Andrew Caballero-Reynolds/AFP/Getty Images

When Federal Reserve Chair Jerome Powell announces interest rates, it’s a decision he hasn’t made alone. Powell may get all the glory — or blame — but rates are decided by a vote of the Federal Open Market Committee, or FOMC. There are typically 19 members, but only 12 vote. Powell always votes, as do the six other Fed governors and the head of the New York Fed. But the presidents of the other 11 Federal Reserve Banks spread across the country rotate, four on, seven off. There’s a reason for that.

“If all the bank presidents participated each year, then the regional bank presidents would then dominate the FOMC,” said former Fed economist Ann Owen, now at Hamilton College.

The rotation hasn’t changed since 1942. Cities that had bigger populations back then, like Cleveland and Saint Louis, get the vote every other year. For cities that were on the frontier, like San Francisco and Dallas, it’s one year on, two years off.

“Historically, the vote meant everything,” said Peter Conti-Brown, a Fed historian at the University of Pennsylvania.

Conti-Brown said when it wasn’t your turn to vote, you had no voice. “And so rotating out, as members of the Federal Open Market Committee would do, meant you were rotating into oblivion.” 

Conti-Brown said the culture started changing in the 1980s when then-Chair Paul Volcker was ratcheting up interest rates. Transcripts of the Fed’s meetings, released five years after the fact, show how bankers who didn’t have the vote slowly gained more input into interest rate decisions. 

 

This graph from the Brookings Institution shows how non-voters on the FOMC gradually started speaking up in FOMC meetings.

This graph from the Brookings Institution shows how non-voters on the FOMC gradually started speaking up in FOMC meetings.

By the time the financial crisis hit in 2007, everyone in the room seemed to have an equal voice.

And there was plenty of disagreement, but “the nature of the culture is, you don’t want to seem like you’re totally deviant, outside the norm,” said Richard Fisher, who was head of the Dallas Fed from 2005 to 2015. He said the Fed always presents a united front, but there are places to express yourself if you want to vent, like the speaking circuit.

“I made a lot of speeches,” Fisher said — speeches during the financial crisis about near-zero interest rates pouring so much cheap money into the economy that it was hurting savers and encouraging risky investments that, over time, might sink the economic ship.

“And that liquidity — if it got out of control — could capsize the ship,” Fisher said.

Fisher spoke at the Economic Club of New York in 2015, where he reflected on his decade at the Dallas Fed and called for the New York Fed to share the vice chair position on the FOMC.

“As I uttered those words, I could tell I was in the dog house,” he said.

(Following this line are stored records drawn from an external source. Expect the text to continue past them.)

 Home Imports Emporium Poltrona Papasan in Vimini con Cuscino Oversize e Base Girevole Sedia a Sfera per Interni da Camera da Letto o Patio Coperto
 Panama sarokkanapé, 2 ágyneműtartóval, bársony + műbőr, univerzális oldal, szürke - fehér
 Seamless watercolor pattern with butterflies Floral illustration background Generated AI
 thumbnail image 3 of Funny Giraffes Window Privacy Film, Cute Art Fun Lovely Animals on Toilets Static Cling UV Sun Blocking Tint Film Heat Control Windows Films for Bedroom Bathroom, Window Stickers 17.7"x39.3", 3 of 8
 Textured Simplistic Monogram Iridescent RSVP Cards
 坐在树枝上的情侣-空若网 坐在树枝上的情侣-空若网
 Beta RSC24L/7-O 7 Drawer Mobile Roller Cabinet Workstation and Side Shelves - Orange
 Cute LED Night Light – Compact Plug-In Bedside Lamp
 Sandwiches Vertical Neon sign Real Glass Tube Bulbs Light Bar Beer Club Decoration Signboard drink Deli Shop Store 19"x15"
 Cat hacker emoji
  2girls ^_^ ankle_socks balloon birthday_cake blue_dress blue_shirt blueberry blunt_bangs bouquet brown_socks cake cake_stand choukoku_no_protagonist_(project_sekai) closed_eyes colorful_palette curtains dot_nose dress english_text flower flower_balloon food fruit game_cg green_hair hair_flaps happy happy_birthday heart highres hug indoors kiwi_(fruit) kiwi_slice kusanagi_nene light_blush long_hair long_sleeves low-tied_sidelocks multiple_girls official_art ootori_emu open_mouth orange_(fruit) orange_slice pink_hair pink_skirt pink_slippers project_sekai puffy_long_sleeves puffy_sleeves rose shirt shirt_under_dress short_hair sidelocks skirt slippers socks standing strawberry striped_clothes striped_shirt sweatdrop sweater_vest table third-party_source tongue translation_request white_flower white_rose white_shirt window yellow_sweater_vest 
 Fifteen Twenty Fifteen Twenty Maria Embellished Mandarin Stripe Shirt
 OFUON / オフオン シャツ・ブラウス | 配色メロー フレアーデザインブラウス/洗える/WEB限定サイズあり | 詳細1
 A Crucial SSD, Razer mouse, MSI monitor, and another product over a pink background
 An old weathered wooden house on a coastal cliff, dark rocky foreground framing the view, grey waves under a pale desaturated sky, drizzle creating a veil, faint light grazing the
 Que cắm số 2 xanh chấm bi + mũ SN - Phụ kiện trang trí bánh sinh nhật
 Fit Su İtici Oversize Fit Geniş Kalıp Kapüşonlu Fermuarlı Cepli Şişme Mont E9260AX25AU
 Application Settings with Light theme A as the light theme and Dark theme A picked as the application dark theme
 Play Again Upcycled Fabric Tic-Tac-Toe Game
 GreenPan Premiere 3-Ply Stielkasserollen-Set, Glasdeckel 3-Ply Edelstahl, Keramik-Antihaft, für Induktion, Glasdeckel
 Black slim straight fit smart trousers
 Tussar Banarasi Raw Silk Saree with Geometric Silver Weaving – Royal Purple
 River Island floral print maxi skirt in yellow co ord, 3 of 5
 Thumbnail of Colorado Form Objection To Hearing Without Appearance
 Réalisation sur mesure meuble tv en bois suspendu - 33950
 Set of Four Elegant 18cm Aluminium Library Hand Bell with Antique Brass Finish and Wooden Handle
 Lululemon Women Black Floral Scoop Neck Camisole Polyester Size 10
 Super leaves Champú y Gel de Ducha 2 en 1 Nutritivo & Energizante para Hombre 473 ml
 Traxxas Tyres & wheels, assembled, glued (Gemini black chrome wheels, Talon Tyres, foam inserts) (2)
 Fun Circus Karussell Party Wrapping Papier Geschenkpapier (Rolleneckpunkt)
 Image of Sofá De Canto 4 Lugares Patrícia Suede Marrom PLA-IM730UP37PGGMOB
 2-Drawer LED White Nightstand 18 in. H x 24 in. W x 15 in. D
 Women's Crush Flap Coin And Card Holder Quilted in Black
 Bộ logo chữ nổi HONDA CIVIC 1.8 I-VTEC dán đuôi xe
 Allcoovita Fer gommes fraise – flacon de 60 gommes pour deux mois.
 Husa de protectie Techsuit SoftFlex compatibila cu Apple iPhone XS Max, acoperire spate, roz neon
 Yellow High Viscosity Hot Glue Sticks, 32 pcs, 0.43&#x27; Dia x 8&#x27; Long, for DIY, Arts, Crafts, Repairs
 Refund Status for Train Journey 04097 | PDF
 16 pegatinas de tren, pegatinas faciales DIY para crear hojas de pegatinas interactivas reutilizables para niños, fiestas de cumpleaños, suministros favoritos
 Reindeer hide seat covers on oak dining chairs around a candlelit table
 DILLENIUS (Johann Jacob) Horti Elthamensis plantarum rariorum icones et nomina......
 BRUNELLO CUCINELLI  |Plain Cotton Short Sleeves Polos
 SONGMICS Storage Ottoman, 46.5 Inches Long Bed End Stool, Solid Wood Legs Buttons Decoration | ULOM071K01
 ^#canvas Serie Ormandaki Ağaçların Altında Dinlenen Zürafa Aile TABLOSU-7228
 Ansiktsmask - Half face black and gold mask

People have questioned whether the voting rotation should be more, let’s say, even, but that would take an act of Congress. In the meantime, Boston; Chicago; St. Louis; and Kansas City, Missouri, moved into voting position today. Cleveland; San Francisco; Richmond, Virginia; and Atlanta moved out. The shift isn’t expected to tip the balance of the Fed any further toward raising interest rates — not with the economy as volatile as it is now.

Correction (Jan. 30, 2019): Previous versions of the web and audio story misidentified the year the FOMC rotation began. They have been corrected.